> Required work:
Set down again exactly the lines of the listing below that fall between the line holding "Navy Suede Shoulder Bag - Twiggy STUDIO TEW" and the line holding "JOYSTAR Fairy Kinderfiets", inclusive.
━━━━━━━━━━
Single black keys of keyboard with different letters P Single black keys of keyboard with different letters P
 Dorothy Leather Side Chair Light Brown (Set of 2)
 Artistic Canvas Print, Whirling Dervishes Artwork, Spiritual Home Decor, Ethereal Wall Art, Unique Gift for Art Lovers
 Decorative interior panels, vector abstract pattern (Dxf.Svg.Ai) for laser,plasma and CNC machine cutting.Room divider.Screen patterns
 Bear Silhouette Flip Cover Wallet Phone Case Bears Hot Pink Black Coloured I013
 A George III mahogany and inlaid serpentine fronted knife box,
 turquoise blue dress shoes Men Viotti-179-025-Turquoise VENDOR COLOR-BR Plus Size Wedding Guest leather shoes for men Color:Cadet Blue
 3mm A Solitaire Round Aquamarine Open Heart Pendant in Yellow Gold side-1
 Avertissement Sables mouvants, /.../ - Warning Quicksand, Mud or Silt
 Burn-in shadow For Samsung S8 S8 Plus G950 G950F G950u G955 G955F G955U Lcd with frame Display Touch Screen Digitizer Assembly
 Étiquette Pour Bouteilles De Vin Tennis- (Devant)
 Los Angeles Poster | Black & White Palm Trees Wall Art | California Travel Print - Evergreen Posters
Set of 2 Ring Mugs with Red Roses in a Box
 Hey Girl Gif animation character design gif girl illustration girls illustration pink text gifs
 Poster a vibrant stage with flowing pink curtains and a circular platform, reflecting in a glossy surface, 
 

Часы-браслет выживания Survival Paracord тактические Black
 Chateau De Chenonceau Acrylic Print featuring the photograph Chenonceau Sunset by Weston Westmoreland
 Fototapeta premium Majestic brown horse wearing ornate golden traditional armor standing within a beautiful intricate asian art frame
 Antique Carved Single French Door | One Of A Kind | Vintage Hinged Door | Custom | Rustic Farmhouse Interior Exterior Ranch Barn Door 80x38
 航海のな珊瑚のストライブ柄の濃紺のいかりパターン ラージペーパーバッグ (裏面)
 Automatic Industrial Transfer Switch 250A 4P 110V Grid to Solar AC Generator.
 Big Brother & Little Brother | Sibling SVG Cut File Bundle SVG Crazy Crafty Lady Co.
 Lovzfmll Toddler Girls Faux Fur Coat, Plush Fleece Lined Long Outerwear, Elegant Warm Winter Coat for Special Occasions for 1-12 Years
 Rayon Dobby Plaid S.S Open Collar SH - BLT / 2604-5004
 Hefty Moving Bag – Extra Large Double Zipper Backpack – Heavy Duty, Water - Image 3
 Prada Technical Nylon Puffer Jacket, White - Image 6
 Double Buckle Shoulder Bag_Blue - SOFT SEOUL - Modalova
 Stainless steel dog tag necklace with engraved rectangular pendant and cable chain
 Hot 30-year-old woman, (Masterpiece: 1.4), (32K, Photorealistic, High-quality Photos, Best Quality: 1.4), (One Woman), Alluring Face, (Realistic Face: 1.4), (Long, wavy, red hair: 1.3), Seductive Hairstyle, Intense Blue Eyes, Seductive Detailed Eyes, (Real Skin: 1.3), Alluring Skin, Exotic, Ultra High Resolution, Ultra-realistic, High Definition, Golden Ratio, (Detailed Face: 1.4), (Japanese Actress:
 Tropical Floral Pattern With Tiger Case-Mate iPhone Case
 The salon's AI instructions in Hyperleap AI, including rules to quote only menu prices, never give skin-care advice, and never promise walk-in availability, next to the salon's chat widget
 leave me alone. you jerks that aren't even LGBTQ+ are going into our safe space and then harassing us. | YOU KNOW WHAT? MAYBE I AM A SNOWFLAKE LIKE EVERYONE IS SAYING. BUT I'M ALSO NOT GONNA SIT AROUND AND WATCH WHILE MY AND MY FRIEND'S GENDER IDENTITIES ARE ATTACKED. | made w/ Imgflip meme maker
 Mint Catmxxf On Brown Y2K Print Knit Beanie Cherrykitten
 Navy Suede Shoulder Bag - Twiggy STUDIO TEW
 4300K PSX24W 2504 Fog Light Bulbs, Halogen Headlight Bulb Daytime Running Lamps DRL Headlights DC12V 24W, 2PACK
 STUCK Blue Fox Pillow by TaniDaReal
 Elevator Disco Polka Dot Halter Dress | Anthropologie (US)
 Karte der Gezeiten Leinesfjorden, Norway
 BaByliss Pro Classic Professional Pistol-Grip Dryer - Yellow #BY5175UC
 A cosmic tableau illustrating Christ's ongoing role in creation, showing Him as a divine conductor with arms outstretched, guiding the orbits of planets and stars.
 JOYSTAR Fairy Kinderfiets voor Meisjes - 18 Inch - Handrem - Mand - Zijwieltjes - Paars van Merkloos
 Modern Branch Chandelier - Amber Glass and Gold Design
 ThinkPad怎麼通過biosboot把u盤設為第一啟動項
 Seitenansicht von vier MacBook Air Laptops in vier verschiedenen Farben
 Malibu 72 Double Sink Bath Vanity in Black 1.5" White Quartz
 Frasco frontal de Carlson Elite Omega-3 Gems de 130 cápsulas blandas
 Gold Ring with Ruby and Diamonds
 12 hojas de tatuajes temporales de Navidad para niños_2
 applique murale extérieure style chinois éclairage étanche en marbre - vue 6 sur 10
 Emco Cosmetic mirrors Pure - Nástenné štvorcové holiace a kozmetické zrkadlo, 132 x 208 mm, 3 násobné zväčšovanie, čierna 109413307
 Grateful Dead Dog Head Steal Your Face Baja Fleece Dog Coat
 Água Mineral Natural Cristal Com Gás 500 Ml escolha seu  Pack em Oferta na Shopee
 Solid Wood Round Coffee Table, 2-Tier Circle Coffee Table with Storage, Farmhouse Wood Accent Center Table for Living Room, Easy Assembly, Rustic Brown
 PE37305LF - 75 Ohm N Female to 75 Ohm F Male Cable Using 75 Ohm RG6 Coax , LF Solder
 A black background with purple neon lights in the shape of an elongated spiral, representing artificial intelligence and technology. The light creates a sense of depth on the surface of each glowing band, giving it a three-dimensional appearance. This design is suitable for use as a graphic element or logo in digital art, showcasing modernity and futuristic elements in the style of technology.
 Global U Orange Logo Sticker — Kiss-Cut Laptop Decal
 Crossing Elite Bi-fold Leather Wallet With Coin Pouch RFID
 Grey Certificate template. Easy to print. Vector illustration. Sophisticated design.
━━━━━━━━━━
> Answer to this task:
 Navy Suede Shoulder Bag - Twiggy STUDIO TEW
 4300K PSX24W 2504 Fog Light Bulbs, Halogen Headlight Bulb Daytime Running Lamps DRL Headlights DC12V 24W, 2PACK
 STUCK Blue Fox Pillow by TaniDaReal
 Elevator Disco Polka Dot Halter Dress | Anthropologie (US)
 Karte der Gezeiten Leinesfjorden, Norway
 BaByliss Pro Classic Professional Pistol-Grip Dryer - Yellow #BY5175UC
 A cosmic tableau illustrating Christ's ongoing role in creation, showing Him as a divine conductor with arms outstretched, guiding the orbits of planets and stars.
 JOYSTAR Fairy Kinderfiets voor Meisjes - 18 Inch - Handrem - Mand - Zijwieltjes - Paars van Merkloos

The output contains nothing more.